Could every line below be transcribed exactly, with the pictures dropped?

**Input data:**
::::
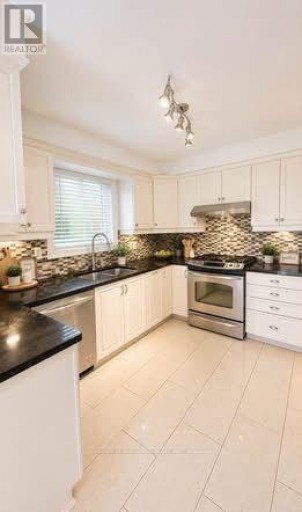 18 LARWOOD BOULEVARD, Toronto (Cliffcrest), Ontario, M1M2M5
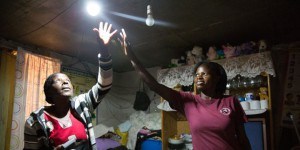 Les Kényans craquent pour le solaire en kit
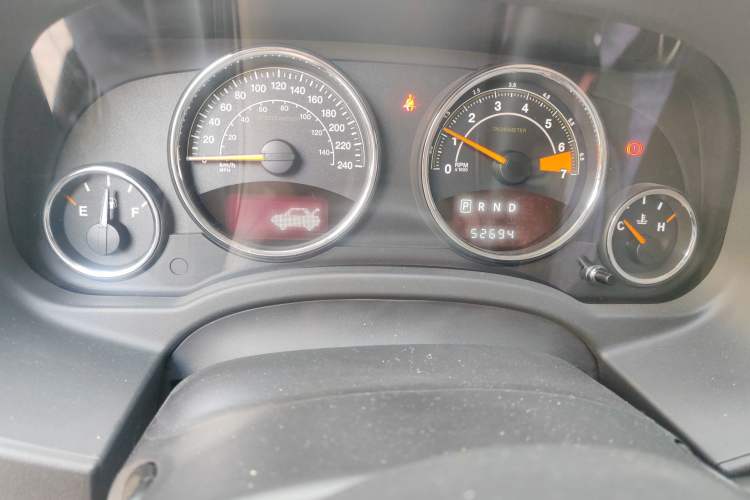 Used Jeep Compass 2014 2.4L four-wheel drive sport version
::::
**Response to the task:**
 18 LARWOOD BOULEVARD, Toronto (Cliffcrest), Ontario, M1M2M5
 Les Kényans craquent pour le solaire en kit
 Used Jeep Compass 2014 2.4L four-wheel drive sport version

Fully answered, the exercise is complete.